Obligations for the Husband and Wife According to the Shafi’i School
Most standard references of the Shafi’i School agrees on the marital obligations of husbands and wives:
According to Abu Ishaq Al-Shirazi, “A woman is not obliged to serve her husband by baking, grinding flour, cooking, washing, or any other kind of service. The marriage contract entails, for her part, only that she let him enjoy her sexually, and she is not obligated to do other than that. (A: Rather, it is considered sunna in our school for the wife to do the housework, and the husband (who is obliged to support her) to earn a living since this is how the Prophet (Allah bless him and give him peace) divided the work between Fatima and ‘Ali.” (Allah be pleased with them) [Al-Muhadhdhab fi Fiqh Al-Imam Al-Shafi’i]
A wife must obey her husband as is customary in allowing him to fulfill lawful sexual enjoyment of her person. The husband must enable her to remain chaste and free of want for sex if he is able. The wife doesn’t need to serve her husband; if she does so, it is voluntary charity. [Misri, ‘Umda Al-Salik]

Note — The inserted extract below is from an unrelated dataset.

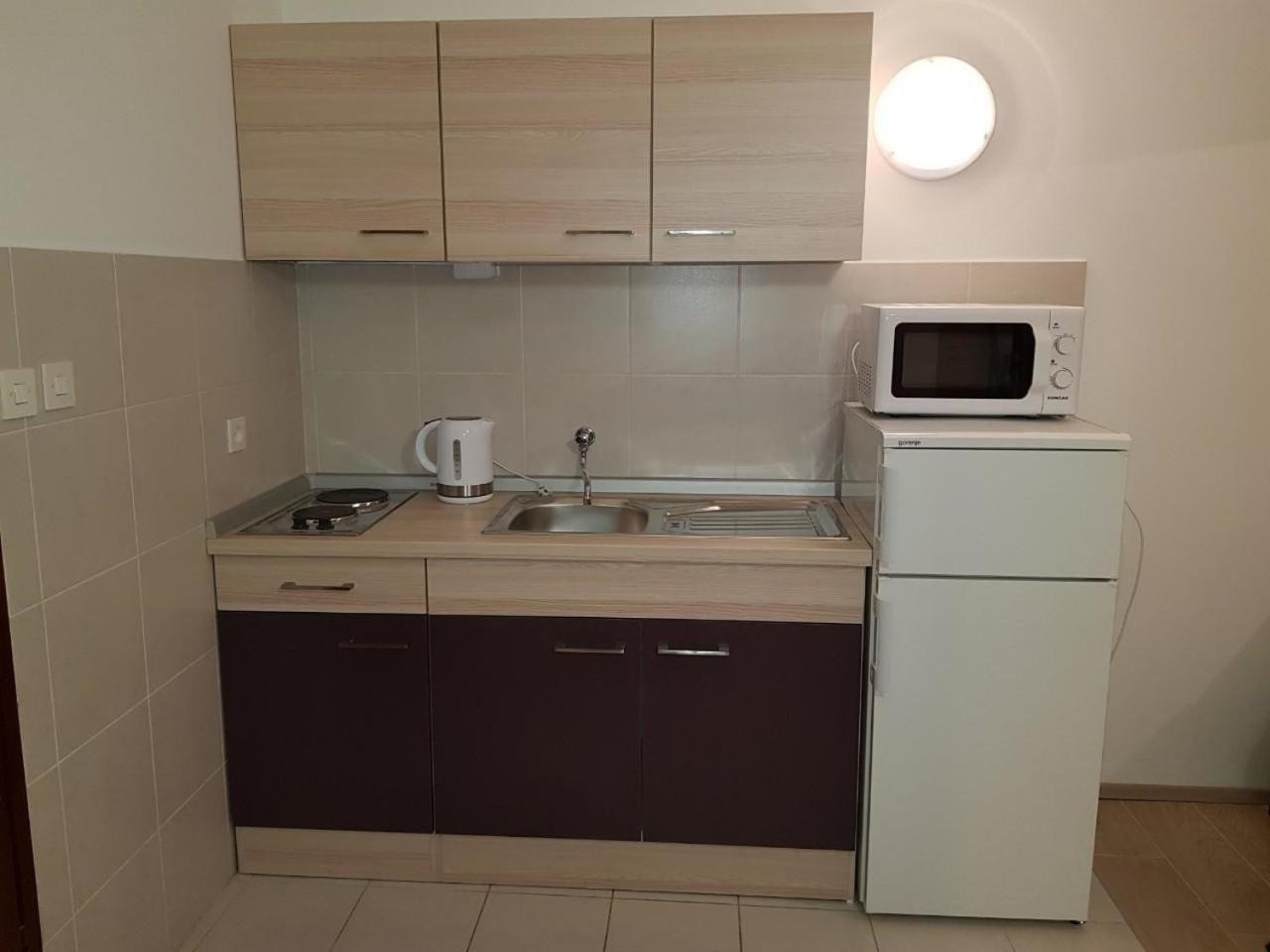 Apartment photo 3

I pray this is of benefit.
[Shaykh] Irshaad Sedick
Checked and Approved by Shaykh Faraz Rabbani
Shaykh Irshaad Sedick was raised in South Africa in a traditional Muslim family. He graduated from Dar al-Ulum al-Arabiyyah al-Islamiyyah in Strand, Western Cape, under the guidance of the late world-renowned scholar, Shaykh Taha Karaan.
Shaykh Irshaad received Ijaza from many luminaries of the Islamic world, including Shaykh Taha Karaan, Mawlana Yusuf Karaan, and Mawlana Abdul Hafeez Makki, among others.
He is the author of the text “The Musnad of Ahmad ibn Hanbal: A Hujjah or not?” He has served as the Director of the Discover Islam Centre and Al Jeem Foundation. For the last five years till present, he has served as the Khatib of Masjid Ar-Rashideen, Mowbray, Cape Town.
Shaykh Irshaad has thirteen years of teaching experience at some of the leading Islamic institutes in Cape Town). He is currently building an Islamic online learning and media platform called ‘Isnad Academy’ and pursuing his Master’s degree in the study of Islam at the University of Johannesburg. He has a keen interest in healthy living and fitness.